What is expected.
For the records shown below, return an exact copy that excludes the pictures.

(Dataset entries Opens)

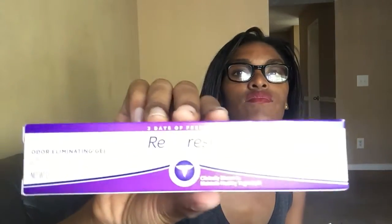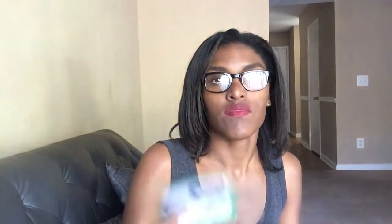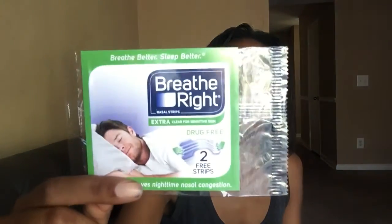It comes with this Quest Beyond Cereal Protein Box, Breadfresh Vaginol Gel, two Breathe Wipe Strips, and these Go Organically Fruit Snacks.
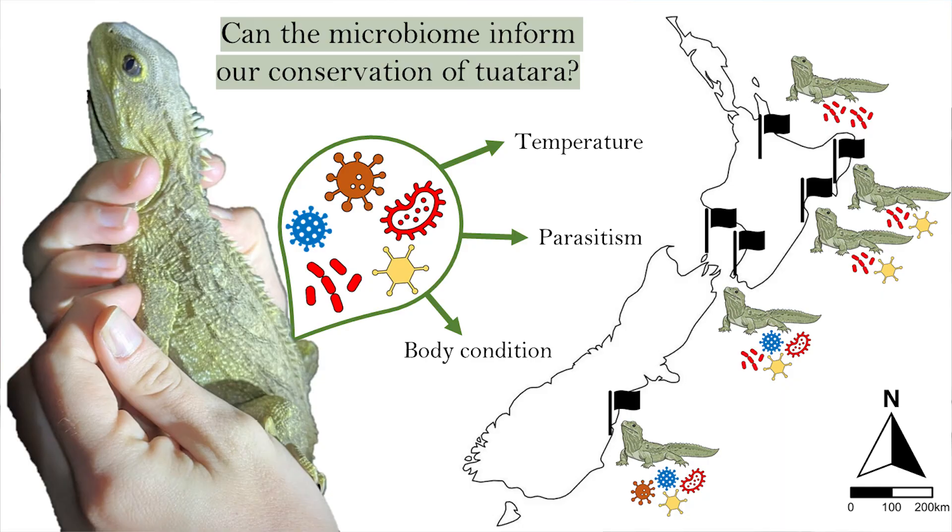The sanctuaries where tuatara live form a temperature gradient, with warmer sites in the north and cooler sites in the south. Like all reptiles, tuatara are vulnerable to rising temperatures, and understanding how this impacts their bacteria is really important when we think about conserving them under climate change.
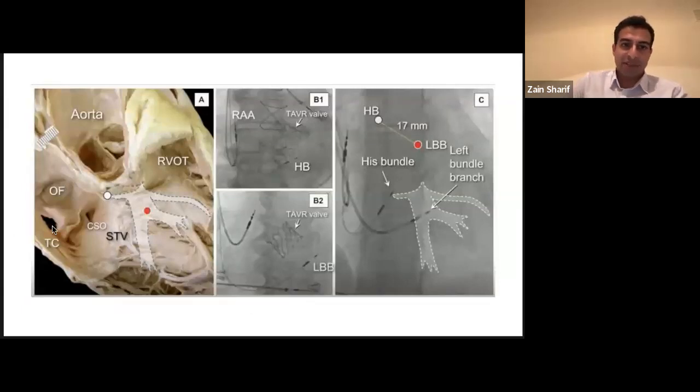Going back to anatomy: if the tricuspid valve is here, with the right atrium and right ventricle, and RVOT popping upward, the His bundle is here and the left bundle is about 15 millimeters further down. We were doing a lot of left bundle pacing after TAVRs because those patients often develop iatrogenic left bundle branch block high up — knocking the His. By pacing distal to that early conduction block, we were often getting almost normal QRSs, like 88 milliseconds — pretty nice QRS narrowing.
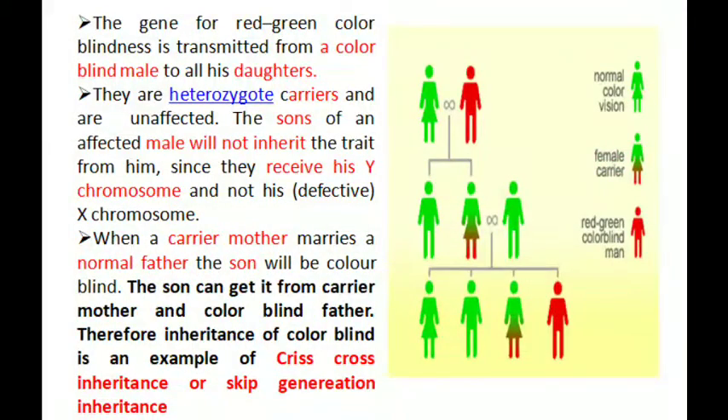The gene for red-green color blindness is transmitted from a color blind male to all his daughters, but the daughters are carriers. Looking at the diagram, this is the inheritance pattern of color blindness. The females are heterozygous carriers and they are unaffected.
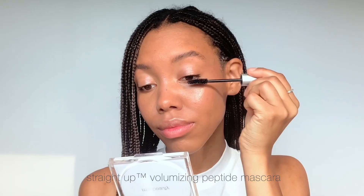Using the Amethyst Rose Luminizer, I love that this gives a cool but radiant touch to my look. I'm defining my eyes with the Straight Up Volumizing Peptide Mascara. This primer truly grips makeup and keeps my makeup looking fresh all day long and adds a nice subtle glow.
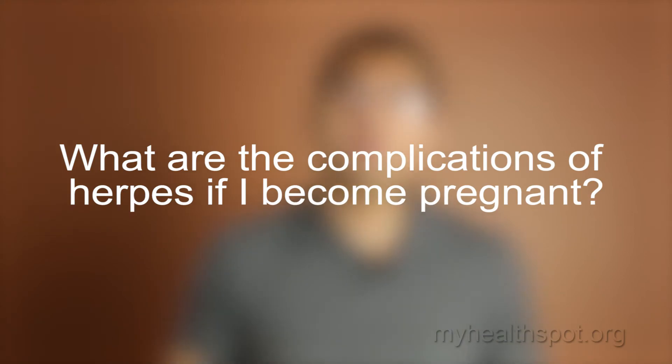What are the complications of herpes if I become pregnant? Complications from herpes during pregnancy can be potentially very serious. If there are any symptoms — including burning or itching before an ulcer occurs — or if there is an active ulcer during delivery, it can be transmitted to the baby through the birth canal. The virus is acquired through the nose and mouth and can travel up to the brain, causing very serious complications including meningitis, seizures, long-term brain damage, or even death. The riskiest situation occurs when the first outbreak develops during labor, when a person is most infectious and most likely to spread the virus.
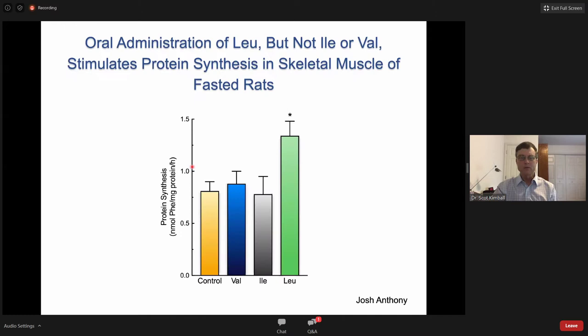We extended this to an in vivo study where rats were fasted overnight, then given an oral gavage of either saline, valine, isoleucine, or leucine, and protein synthesis was measured 30 to 60 minutes later. We found that leucine significantly increased muscle protein synthesis, but valine and isoleucine did not, again suggesting something unique about leucine.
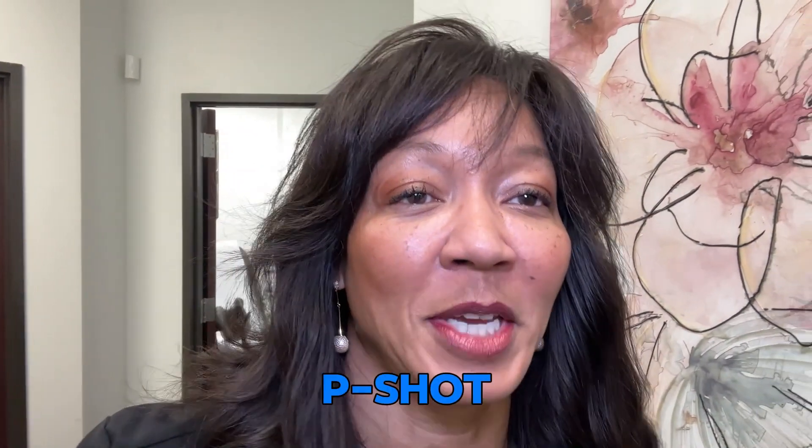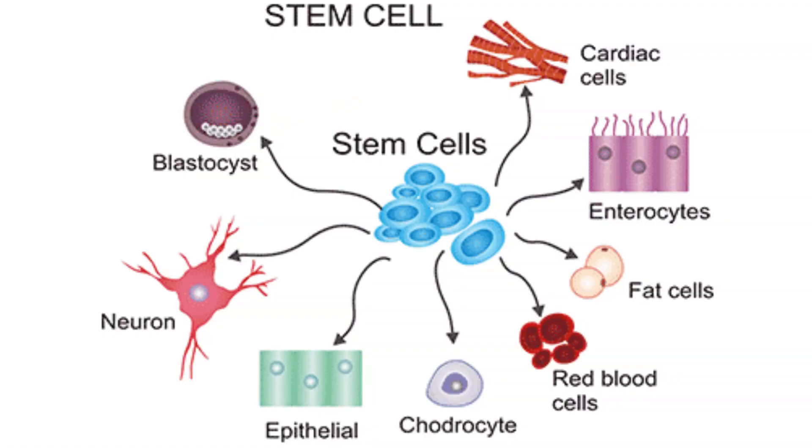Hey, it's Dr. Evans here. Today we're going to be talking about advanced techniques for the P-Shot. I was asked a couple of times, actually, from my more famous P-Shot video, about what exosomes are. Some people alluded to stem cells. I just want to talk to you this morning about exactly what that is.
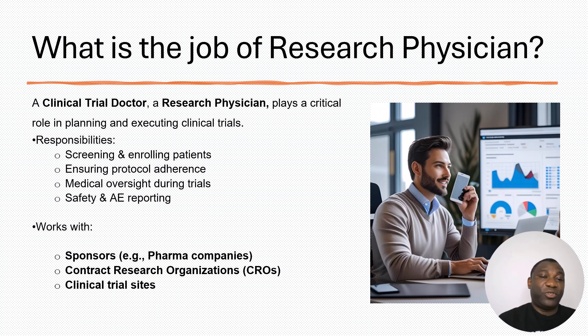The key duties a research physician performs during a trial include ensuring trial subjects are safe, and also being involved in screening and enrolling patients. That means working together with principal investigators on site to ensure the right patients are enrolled for the study. They also ensure that all study activities are performed in line with the laid-down study protocols, and most importantly, there is the aspect of safety and adverse events reporting.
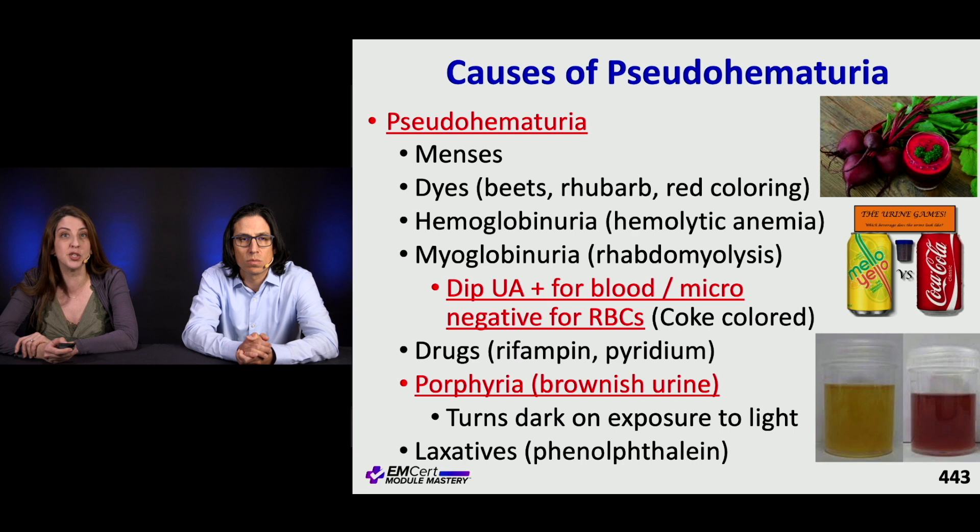With rhabdo, on the urine dip you can see it's positive for blood but negative for RBCs, and it could look cola-colored on exam. Different drugs can do it — Pyridium, for example; anytime you prescribe Pyridium it's a good idea to warn patients what their urine is going to look like. Rifampin can do it as well. Porphyria can also give you a brownish urine, and certain laxatives.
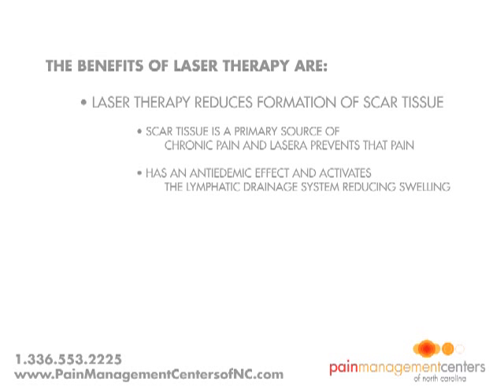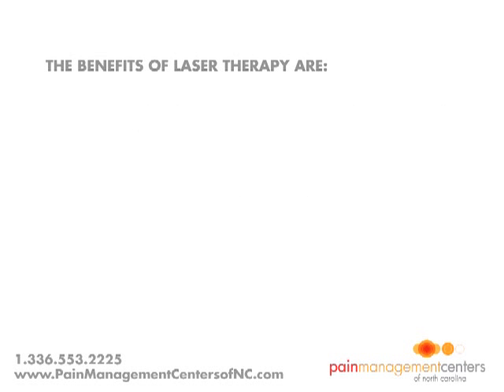Laser light has an anti-edemic effect as it causes vasodilation, but also because it activates the lymphatic drainage system. As a result, there is a reduction in swelling caused by bruising or inflammation. Laser therapy has a high beneficial effect on nerve cells which block pain transmitted by these cells to the brain and which decreases nerve sensitivity. Also, due to less inflammation, there is less edema and less pain.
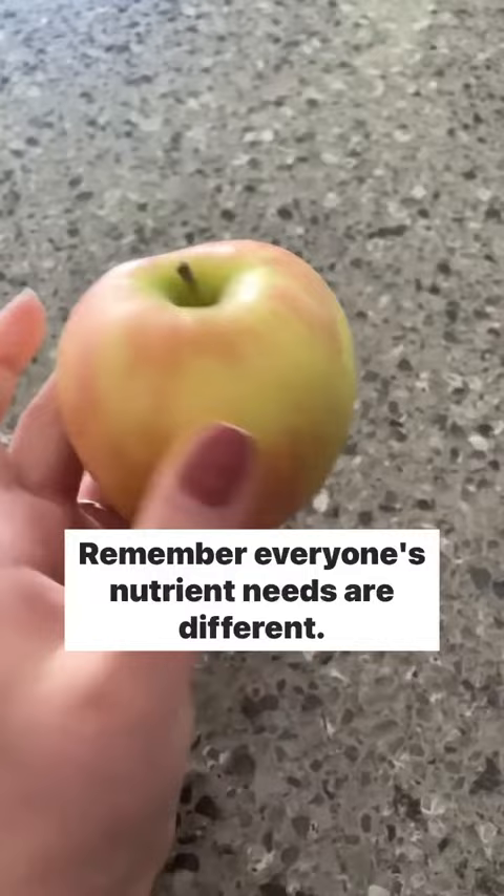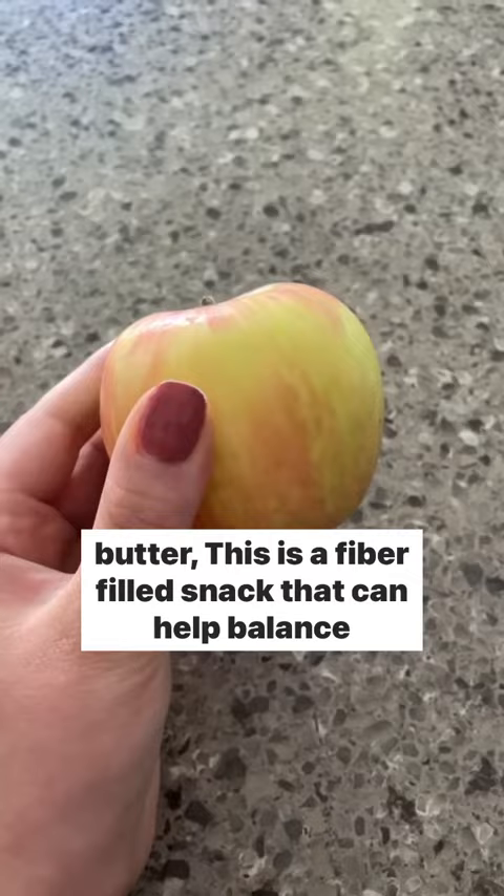Remember, everyone's nutrient needs are different. For an after-dinner snack, have an apple with some peanut butter. This is a fiber-filled snack that can help balance your blood sugars because it has plant-based protein and healthy fats in it.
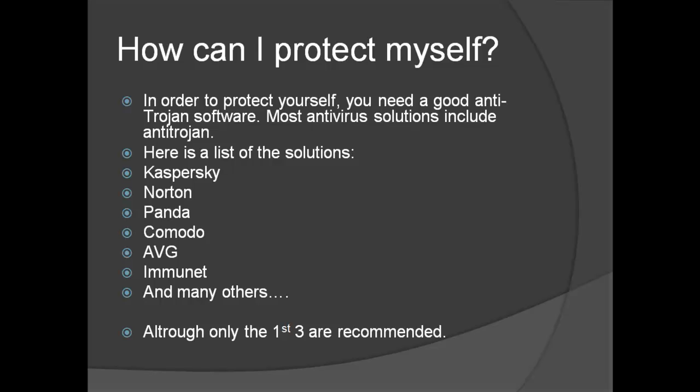How can I protect myself? Well, in order to protect yourself, you need a good anti-Trojan software. Most antivirus solutions include anti-Trojan. Here's a list of the solutions: Kaspersky, Norton, Panda, Komodo, AVG, Immunet, and many others.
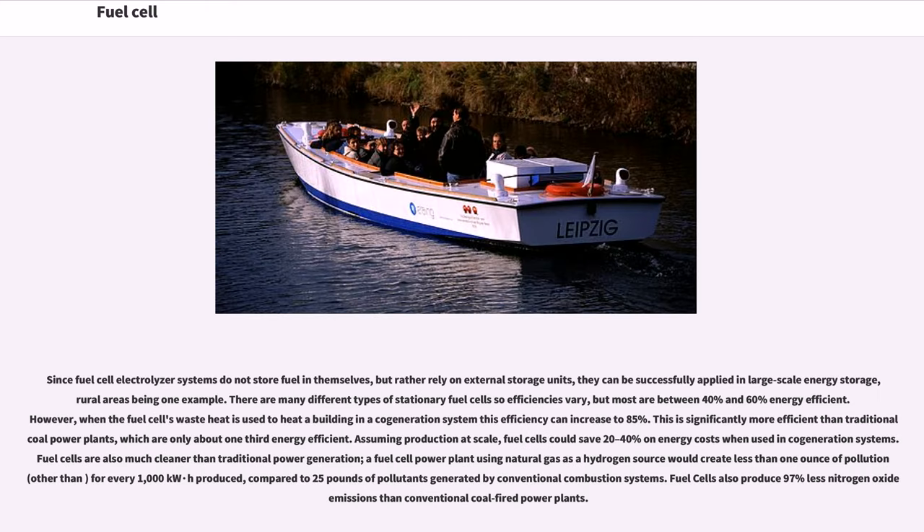Since fuel cell electrolyzer systems do not store fuel in themselves but rely on external storage units, they can be successfully applied in large-scale energy storage. Most stationary fuel cell efficiencies are between 40% and 60%, but when waste heat is used to heat a building in a cogeneration system, this efficiency can increase to 85%. This is significantly more efficient than traditional coal power plants, which are only about one-third energy efficient. Fuel cells could save 20–40% on energy costs when used in cogeneration systems.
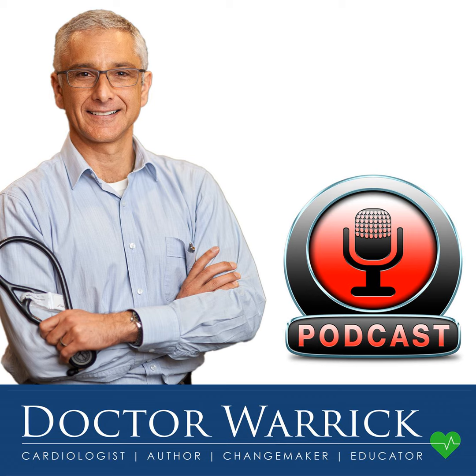Welcome to Dr. Warwick's podcast channel. Warwick is a practicing cardiologist and author with a passion for improving care by helping patients understand their heart health through education. Warwick believes educated patients get the best health care. Discover and understand the latest approaches and technology in heart care and how this might apply to you or someone you love.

(Dataset entries Closes)

Exercise answer.
It comes with this Quest Beyond Cereal Protein Box, Breadfresh Vaginol Gel, two Breathe Wipe Strips, and these Go Organically Fruit Snacks.
The sanctuaries where tuatara live form a temperature gradient, with warmer sites in the north and cooler sites in the south. Like all reptiles, tuatara are vulnerable to rising temperatures, and understanding how this impacts their bacteria is really important when we think about conserving them under climate change.
Going back to anatomy: if the tricuspid valve is here, with the right atrium and right ventricle, and RVOT popping upward, the His bundle is here and the left bundle is about 15 millimeters further down. We were doing a lot of left bundle pacing after TAVRs because those patients often develop iatrogenic left bundle branch block high up — knocking the His. By pacing distal to that early conduction block, we were often getting almost normal QRSs, like 88 milliseconds — pretty nice QRS narrowing.
The gene for red-green color blindness is transmitted from a color blind male to all his daughters, but the daughters are carriers. Looking at the diagram, this is the inheritance pattern of color blindness. The females are heterozygous carriers and they are unaffected.
Using the Amethyst Rose Luminizer, I love that this gives a cool but radiant touch to my look. I'm defining my eyes with the Straight Up Volumizing Peptide Mascara. This primer truly grips makeup and keeps my makeup looking fresh all day long and adds a nice subtle glow.
What are the complications of herpes if I become pregnant? Complications from herpes during pregnancy can be potentially very serious. If there are any symptoms — including burning or itching before an ulcer occurs — or if there is an active ulcer during delivery, it can be transmitted to the baby through the birth canal. The virus is acquired through the nose and mouth and can travel up to the brain, causing very serious complications including meningitis, seizures, long-term brain damage, or even death. The riskiest situation occurs when the first outbreak develops during labor, when a person is most infectious and most likely to spread the virus.
We extended this to an in vivo study where rats were fasted overnight, then given an oral gavage of either saline, valine, isoleucine, or leucine, and protein synthesis was measured 30 to 60 minutes later. We found that leucine significantly increased muscle protein synthesis, but valine and isoleucine did not, again suggesting something unique about leucine.
Hey, it's Dr. Evans here. Today we're going to be talking about advanced techniques for the P-Shot. I was asked a couple of times, actually, from my more famous P-Shot video, about what exosomes are. Some people alluded to stem cells. I just want to talk to you this morning about exactly what that is.
The key duties a research physician performs during a trial include ensuring trial subjects are safe, and also being involved in screening and enrolling patients. That means working together with principal investigators on site to ensure the right patients are enrolled for the study. They also ensure that all study activities are performed in line with the laid-down study protocols, and most importantly, there is the aspect of safety and adverse events reporting.
With rhabdo, on the urine dip you can see it's positive for blood but negative for RBCs, and it could look cola-colored on exam. Different drugs can do it — Pyridium, for example; anytime you prescribe Pyridium it's a good idea to warn patients what their urine is going to look like. Rifampin can do it as well. Porphyria can also give you a brownish urine, and certain laxatives.
Laser light has an anti-edemic effect as it causes vasodilation, but also because it activates the lymphatic drainage system. As a result, there is a reduction in swelling caused by bruising or inflammation. Laser therapy has a high beneficial effect on nerve cells which block pain transmitted by these cells to the brain and which decreases nerve sensitivity. Also, due to less inflammation, there is less edema and less pain.
Remember, everyone's nutrient needs are different. For an after-dinner snack, have an apple with some peanut butter. This is a fiber-filled snack that can help balance your blood sugars because it has plant-based protein and healthy fats in it.
How can I protect myself? Well, in order to protect yourself, you need a good anti-Trojan software. Most antivirus solutions include anti-Trojan. Here's a list of the solutions: Kaspersky, Norton, Panda, Komodo, AVG, Immunet, and many others.
Since fuel cell electrolyzer systems do not store fuel in themselves but rely on external storage units, they can be successfully applied in large-scale energy storage. Most stationary fuel cell efficiencies are between 40% and 60%, but when waste heat is used to heat a building in a cogeneration system, this efficiency can increase to 85%. This is significantly more efficient than traditional coal power plants, which are only about one-third energy efficient. Fuel cells could save 20–40% on energy costs when used in cogeneration systems.
Welcome to Dr. Warwick's podcast channel. Warwick is a practicing cardiologist and author with a passion for improving care by helping patients understand their heart health through education. Warwick believes educated patients get the best health care. Discover and understand the latest approaches and technology in heart care and how this might apply to you or someone you love.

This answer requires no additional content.